I remembered how to play with my kid today

or how I became the monster truck sand squasher of the universe.

I’m not sure when it happened. Somewhere between sweet baby number 1 and sweet baby number 5, this mama forgot how to play. It was a slow fade. In fact, it was so lost in small doses that I didn’t really notice that my ability was gone. Oh sure, I could still sit for a minute or two to help build a block tower or run a marble down a track a couple of times while simultaneously creating a dinner menu in my brain or processing the pros and cons of the latest math curriculum I looked at. I got really good at sounding very enthusiastic while saying “Oh, cool!” and “That’s awesome!” the hundred times a day my kids wanted to show me what they were playing and trying to convince myself that they were perfectly content with my approval denying the obvious fact that they were actually inviting me in. On occasion my children could talk me into sitting under the giant oak tree for a bit to watch them jump on the trampoline and, maybe, just maybe I would join them on it only long enough to lie down and stare at the blue sky and wish I could just fall asleep. I can’t remember the last time I actually jumped on it, though…even once. To lessen the guilt that I carried I would throw in some crazy mom moments here and there by surprising them with a random idea of fun and really try to play but it always ended much sooner than I know they would have liked and it felt unnatural and completely boring to me despite my feeble attempts at making it look like I was having fun.

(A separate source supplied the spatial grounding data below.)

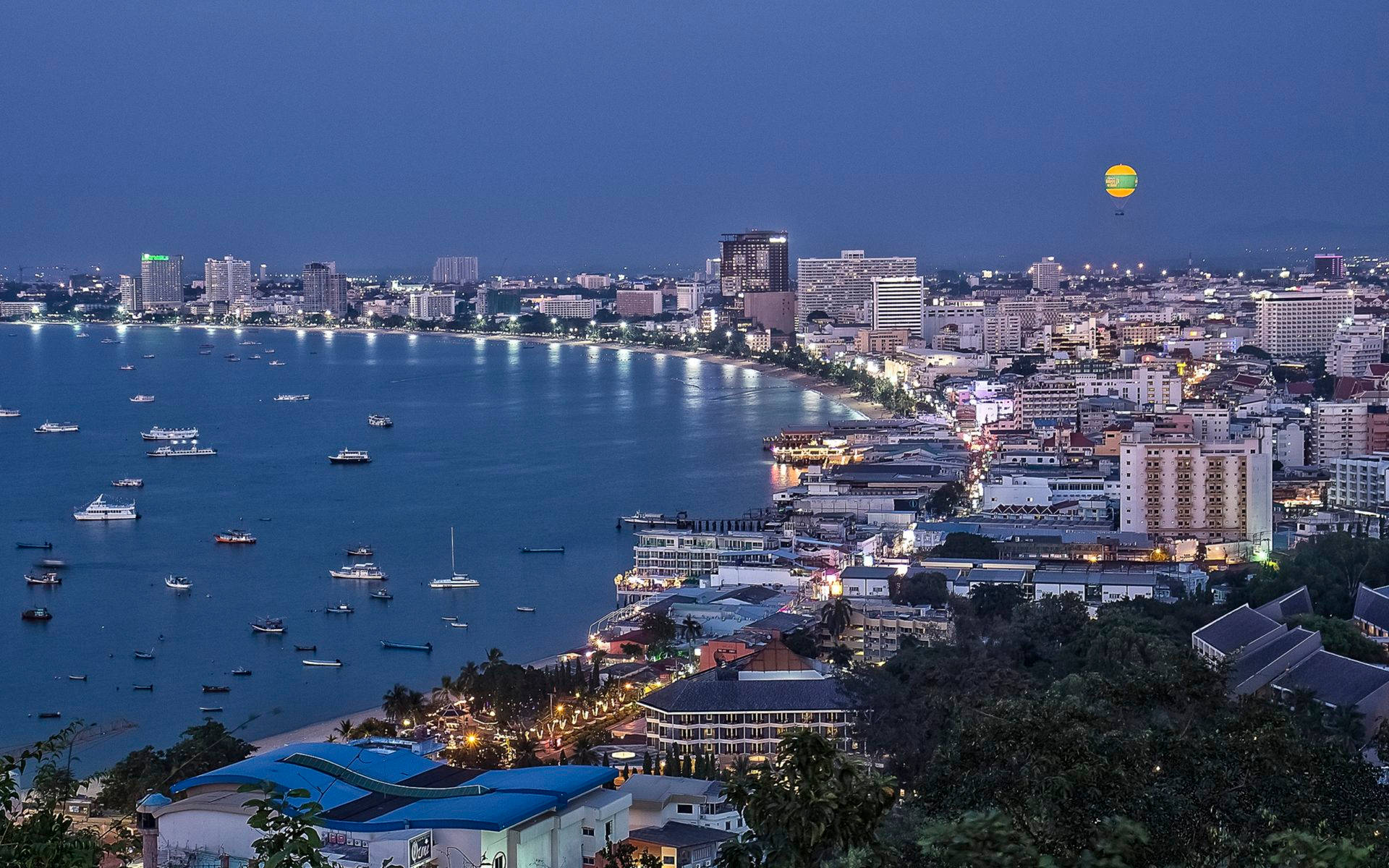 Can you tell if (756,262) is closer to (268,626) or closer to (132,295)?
(132,295)

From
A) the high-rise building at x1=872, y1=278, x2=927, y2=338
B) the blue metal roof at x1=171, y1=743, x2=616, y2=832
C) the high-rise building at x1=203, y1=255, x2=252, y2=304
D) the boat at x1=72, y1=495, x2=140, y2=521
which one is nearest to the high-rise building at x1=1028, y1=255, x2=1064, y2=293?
the high-rise building at x1=872, y1=278, x2=927, y2=338

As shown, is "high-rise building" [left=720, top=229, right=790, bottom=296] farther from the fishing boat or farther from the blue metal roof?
the blue metal roof

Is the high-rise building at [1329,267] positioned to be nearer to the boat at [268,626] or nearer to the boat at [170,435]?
the boat at [170,435]

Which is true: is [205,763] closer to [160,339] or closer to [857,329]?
[857,329]

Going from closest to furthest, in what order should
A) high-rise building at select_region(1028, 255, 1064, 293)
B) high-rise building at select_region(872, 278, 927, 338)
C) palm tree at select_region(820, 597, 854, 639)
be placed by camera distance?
palm tree at select_region(820, 597, 854, 639)
high-rise building at select_region(872, 278, 927, 338)
high-rise building at select_region(1028, 255, 1064, 293)

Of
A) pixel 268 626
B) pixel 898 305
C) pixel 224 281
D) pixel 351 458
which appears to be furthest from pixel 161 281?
pixel 268 626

My mothering was observational. I was a spectator as I did all of the important work of keeping them fed, clothed, educated and somewhat (ok…barely) clean. Motherhood is work and a lot of it  I have been entrusted to grow 5 slobbery babies into intelligent, functioning, responsible members of society and I take that job very seriously. Albeit, sometimes too seriously. I am a chronic over-thinker, over-analyzer and over-worrier. Spending my days lost in those aspects of myself turned me into stressed out, anxiety ridden, burned out robot mom…just going through all the daily grind of keeping my humans alive while simultaneously believing that it was never enough and that I was failing miserably at the one job in life that I really REALLY wanted to get right. In fact, I was failing. I was failing hard. I was failing to do the one thing that my kids needed more than anything. I was failing at having fun with them. I was failing at enjoying them. I was too busy trying to do this mama thing right that I forgot how beautifully amazing and enjoyable that these dear children o’mine are when I just slow down and really spend time with them doing what they like to do.

Yes, motherhood is work but it is also full of good stuff. I get to hang out with the coolest 5 people that I know (no offense, all parents know that their kids are the best kids out there, hands down…right?) I, of course, knew this all along. I also knew that I wasn’t playing enough. I wasn’t stopping enough. I wasn’t slowing down enough. I wasn’t seeeeeeeing enough. When James and I began our nearly 3 year discussion on doing this crazy life hack this yearning for seeing, hearing, feeling, connecting and playing with our children was one of our biggest pushes for jumping into the idea. We kept trying to find that parenting sweet spot but, for us, we couldn’t break out of the habits so ingrained in us over the years and knew that a radical shift was due. And so we did.

It was 3 weeks ago today that we left our hometown. It has been 3 weeks of learning to stop and grab the moment with my kids. It has been so good. Some days I find myself retreating into busy but more and more I have found myself opening up and giving into their invitations to play. The guilt is beginning to dissipate and I believe I’m slowly starting to feel like I’m finally becoming the mother I want to be..the engaged mother…not the spectator mother. I am not there yet but there is a new way welling up inside of me. It began with the deep desperate desire for a change, that ultimately led to a complete and utter shake up of my everyday habits and into a place of open space to allow the change to occur.

Even with this internal shift going on, though, I still have found that, most of the time, I have to talk myself into playing…especially with the wee-est of them all. That is, until today…it happened…breakthrough…a crack in the hardness of a long held resistance. I found myself literally lost in play. Lost. When I came to my senses I suddenly realized that I was having so much fun and that something that had been hidden for so very long was finally found. I was playing and not in that half-hearted mind on a million other things and crossing it off the good mom checklist like so many times before but in a woohoo I’m getting sand all over me and people probably think I’m a lunatic and I don’t care cause I’m having such a good time crashing monster trucks into sandcastles kind of way. I was keenly aware of how amazing the wet sand felt between my fingers. Instead of thinking about how I was going to get all of that sand off of everyone and everything and how the bathtub would clog and we would have sand in our sheets for a week. It was a moment that I, honestly, haven’t fully experienced in years and it filled my soul right up.

This new lifestyle we have embraced is full of unknowns. It is full of hope and dreams and fears and hard stuff. It feels shaky. It feels exhilarating. My comfort zones have all but disappeared and some days that makes me want to run right back to Asheville and find them again STAT. Today, though, was not one of those days. Today, was one of the days that I seem to find “out here” more and more. A day of new perspective. A day of we’re really gonna be ok. Today, I remembered how to play.